The government-controlled Abu Dhabi Gas Industries Company (Gasco), the main onshore gas operator in the emirate, said the projects will increase the firm's production in five years.

"The projects are in line with Adnoc's general plans to expand its sustainable oil and gas production capacity by developing its associated and non-associated gas resources," Gasco general manager Mohammed Al Suwaidi told Adnoc's quarterly bulletin, Adnoc News.

He said the investments would nearly triple the company's output of around three billion cubic feet within five years, adding the expansions cover LNG, LPG, sulphur, condensates and other products.

"Condensates output alone will rise from around 85 million barrels a year to nearly 110m barrels while LPG and Naphtha will increase from seven million to 12 million tonnes a year. Sulphur production will also nearly double to 40m tonnes a year," he said.

Suwaidi said the investments cover 11 major projects and are intended to meet growing domestic and external demand for those products.

He said Gasco, which is 60 per cent owned by Adnoc and the rest by foreign firms, had already pumped in excess of $9bn into expansion projects in the last 18 years, adding cumulative output has reached nearly 120m tonnes since the company was created 30 years ago.

"From only 120 million cubic feet per day in 1980, Gasco's current production capacity is about 2,000 million cubic feet. LPG output peaked at around 6.3m tonnes," Suwaidi said.
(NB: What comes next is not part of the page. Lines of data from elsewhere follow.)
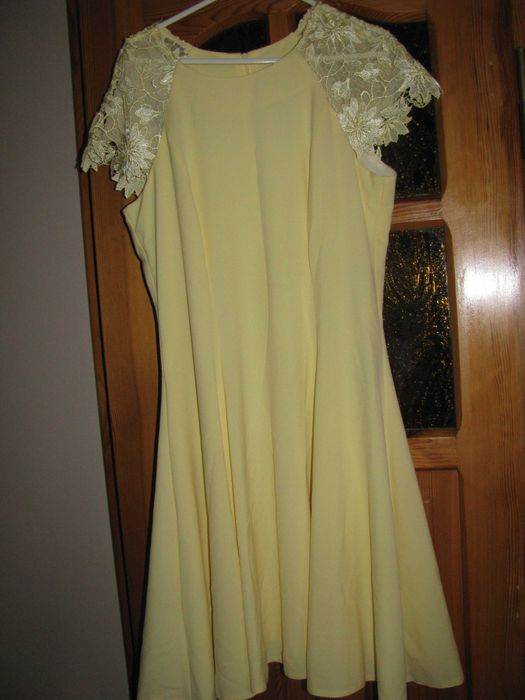 Żółta sukienka z gipiurą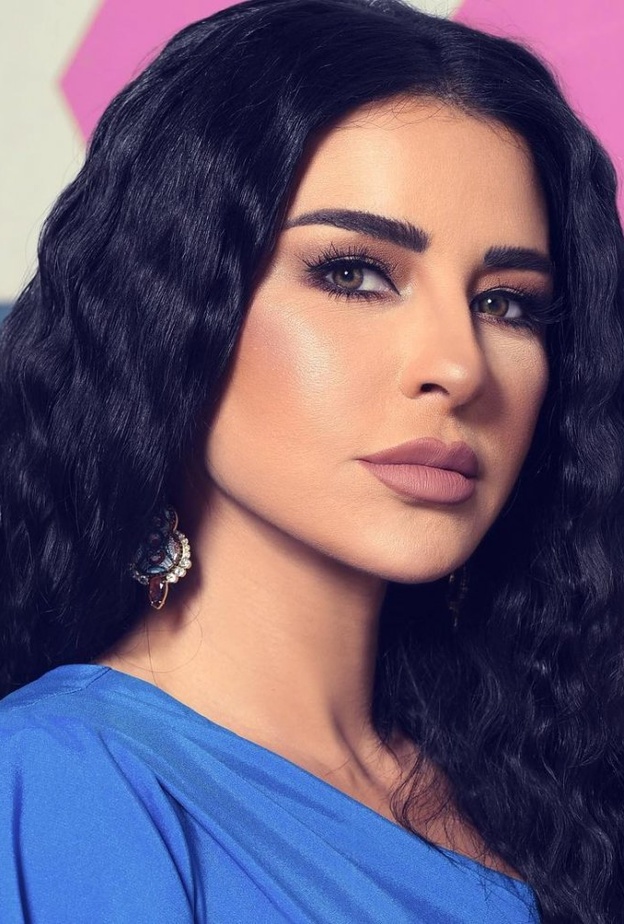 صيحات جمالية مع المكياج البرونزي مستوحاة من ماغي بو غصن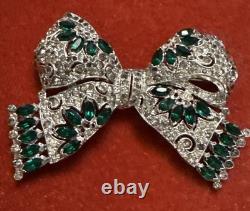 Vintage Crown Trifari Signed Alfred Philippe Rhodium Plated Green Crystal Bow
Gasco, the main gas producer in the UAE along with Adgas, is one of the largest gas companies in the world and it caters for most of the country's gas needs. The bulk of Adgas's production, mainly LNG, is exported to Japan's Tokyo Electric Power company (Tepco).

The UAE controls the fifth largest proven gas deposits in the world after Russia, Iran, Qatar and Saudi Arabia, with estimated reserves of around 6.5 trillion cubic metres. As a large part of those deposits are associated with oil, making their separation a costly process, the UAE has resorted to Qatar to meet part of its fast growing gas demand.

Official figures showed the UAE's gas production surged by more than 10 billion cubic metres (BCM) a year over the past five years.

From around 64bcm in 2003, the country's gas output recorded a steady growth in the following years before peaking at nearly 74.6 bcm in 2007.

The 2007 production included around 50.2bcm of marketed gas and 17.7bcm of gas re-injected into oil wells to maximise recovery rates. The rest covered flared gas and wasted gas during the consumption process.

The surge allowed the UAE to maintain its position as the fourth largest Arab gas producer after Qatar, Algeria and Saudi Arabia.

The UAE has not yet released data on its 2008 gas output but industry sources close to Adnoc said it exceeded 77bcm.

According to official Arab estimates, the global crisis and the ensuing decline in crude demand has forced the UAE and other regional oil producers to shelve some energy projects, including both upstream and downstream.

The figures by the Dammam-based Arab Petroleum Investment Corporation (Apicorp), an offshoot of Oapec, showed Arab and other Mena producers have already slashed their 2009-2013 investment plan by $200bn. It estimated shelved projects in the 2010-2014 are worth more than $100bn.